* _WORK TASK_
For this exercise, copy all the data exactly and include none of the pictures.

[Records from a data collection]
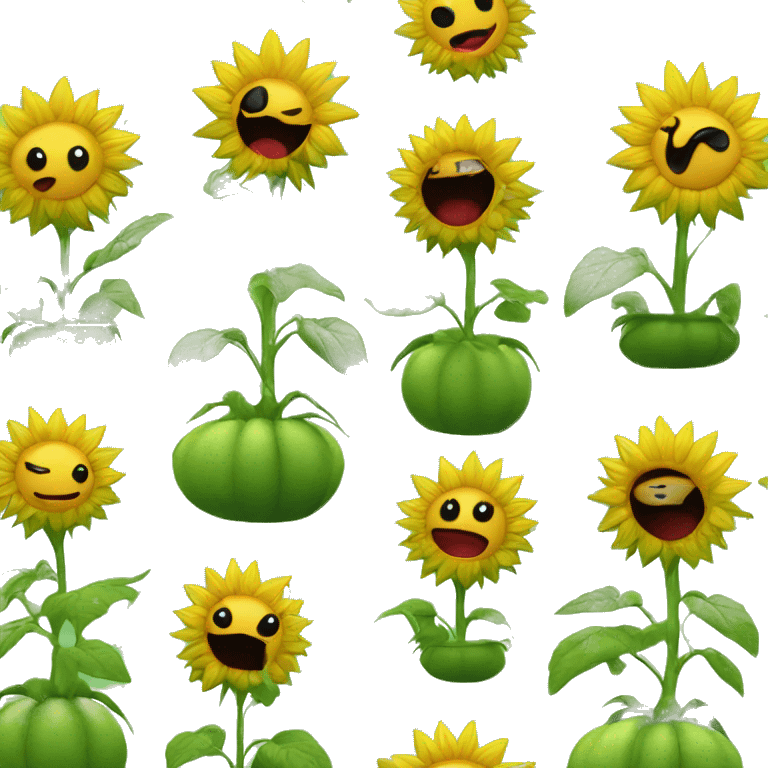 combination of venus flytrap and sunflower emoji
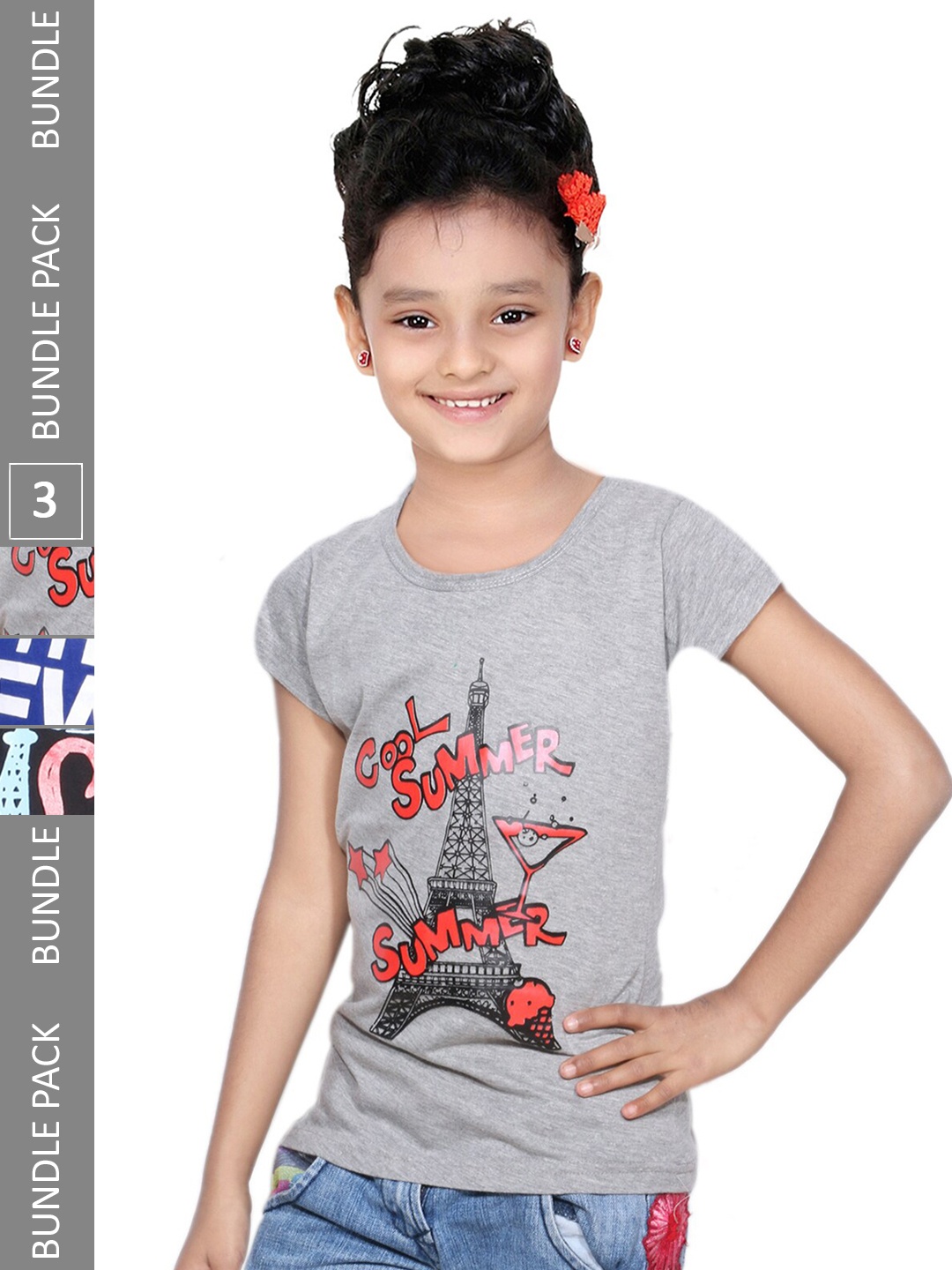 

IndiWeaves Girls Pack Of 3 Graphic Printed Cotton Regular T-shirts, Grey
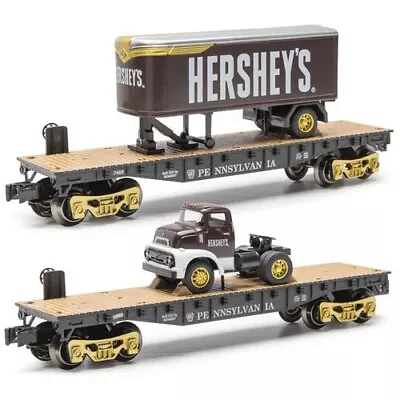 Menards2-Piece 10-1/2  O Gauge Pennsylvania Flatcar With 1956 Hershey's Tractor • $42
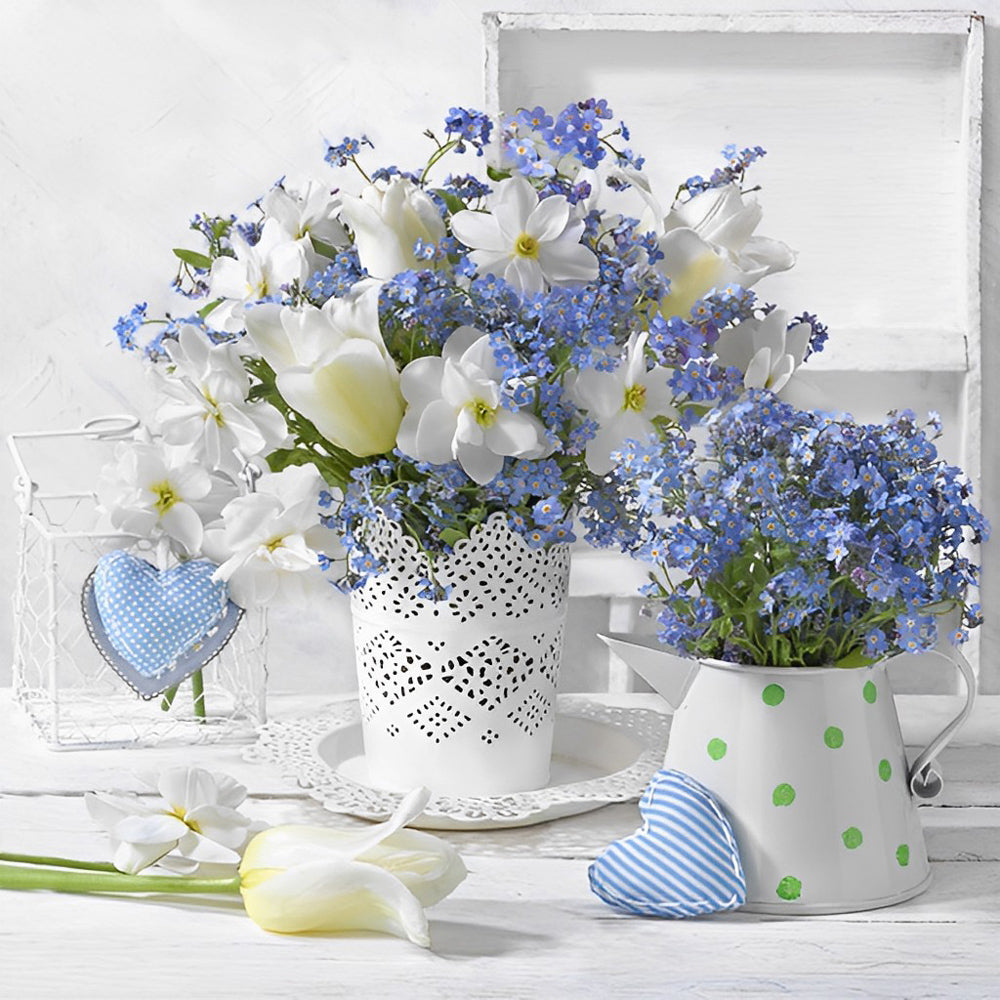 Witte en Blauwe Bloemen in Lace- en Stippenvaasjes Diamond Painting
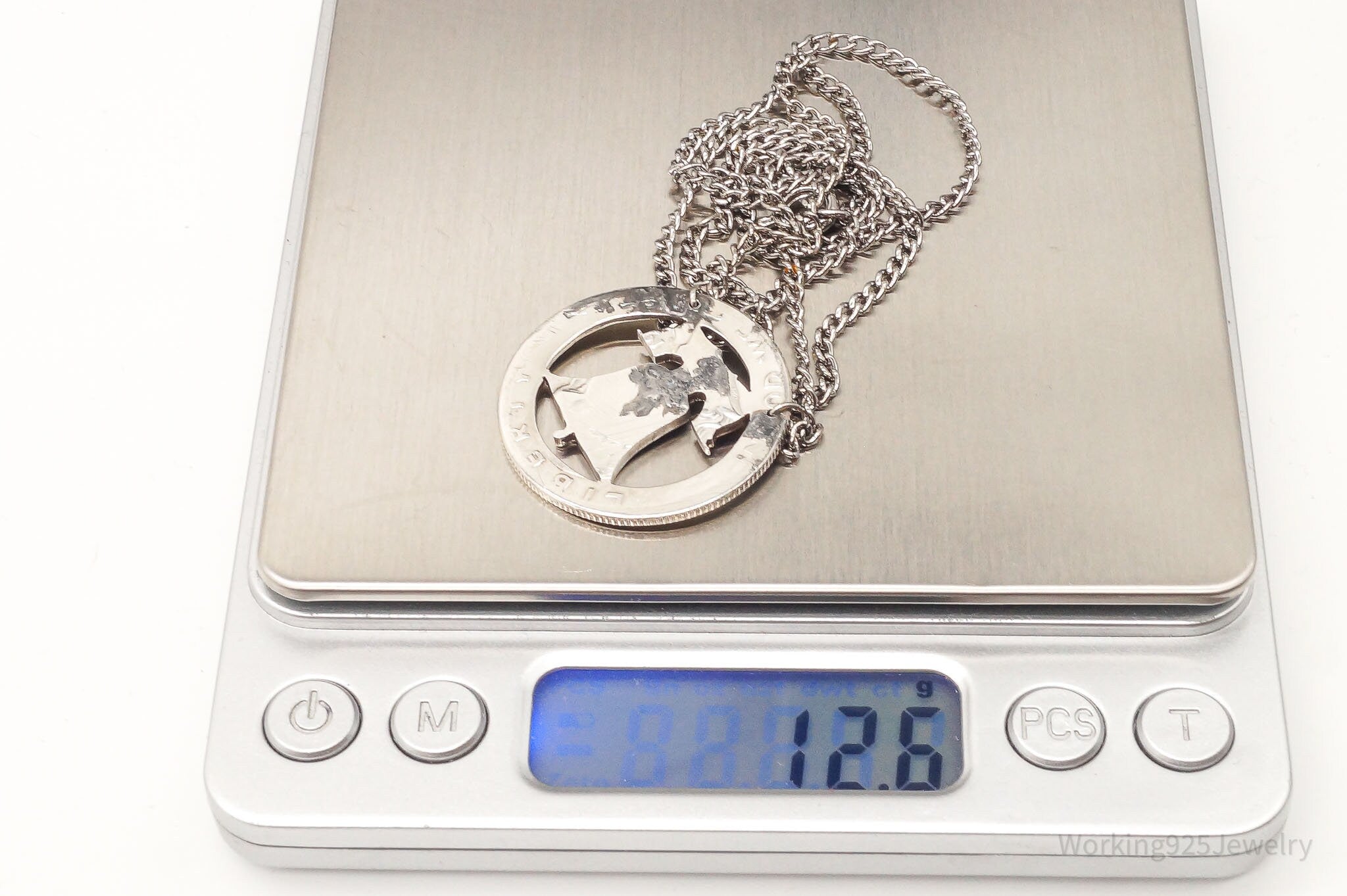 Vintage Half Dollar Coin Cut Out Pendant Silver Chain Necklace | Jewelry > Necklaces > Pendants | Wiccan Center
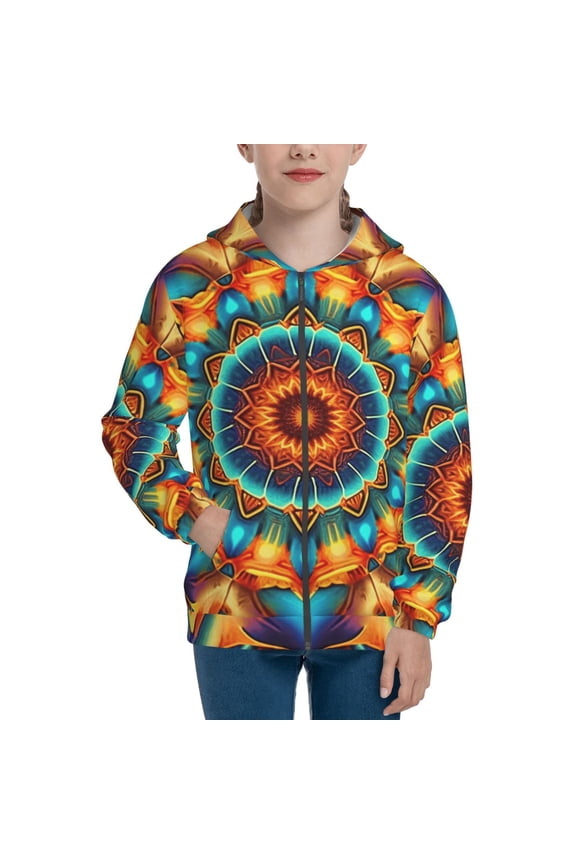 Kids Full Zip Pullover Hoodies Boys Girls Sweatshirts Jacket, Kaleidoscope Psychedelic Trippy Vintage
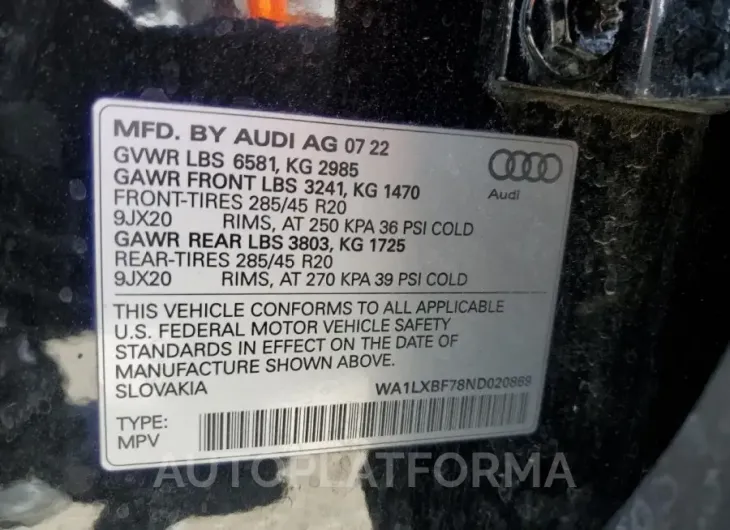 AUDI Q7 PREMIUM 2022 vin WA1LXBF78ND020869 from auto auction Copart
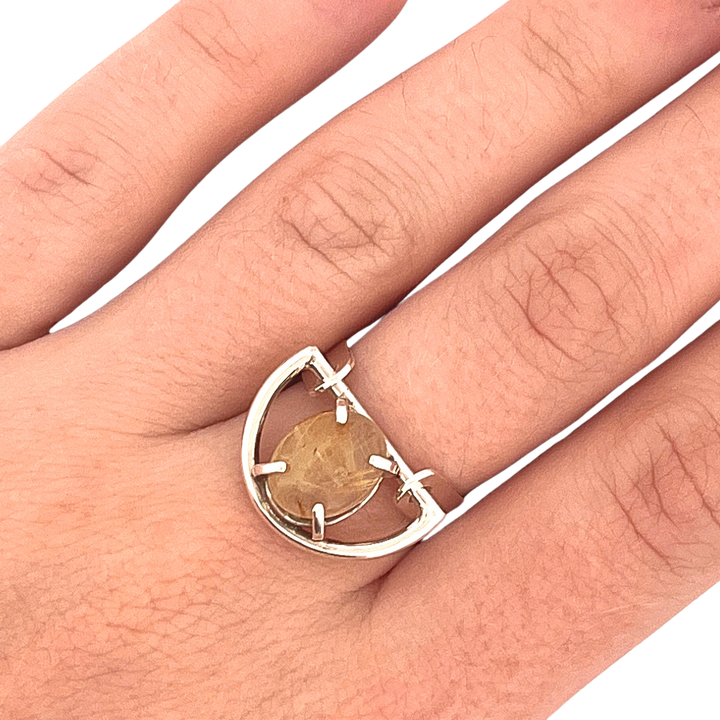 Gold Rutilated Quartz Swing Ring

* _RESULT OF THE TASK_
 combination of venus flytrap and sunflower emoji

IndiWeaves Girls Pack Of 3 Graphic Printed Cotton Regular T-shirts, Grey
 Menards2-Piece 10-1/2  O Gauge Pennsylvania Flatcar With 1956 Hershey's Tractor • $42
 Witte en Blauwe Bloemen in Lace- en Stippenvaasjes Diamond Painting
 Vintage Half Dollar Coin Cut Out Pendant Silver Chain Necklace | Jewelry > Necklaces > Pendants | Wiccan Center
 Kids Full Zip Pullover Hoodies Boys Girls Sweatshirts Jacket, Kaleidoscope Psychedelic Trippy Vintage
 AUDI Q7 PREMIUM 2022 vin WA1LXBF78ND020869 from auto auction Copart
 Gold Rutilated Quartz Swing Ring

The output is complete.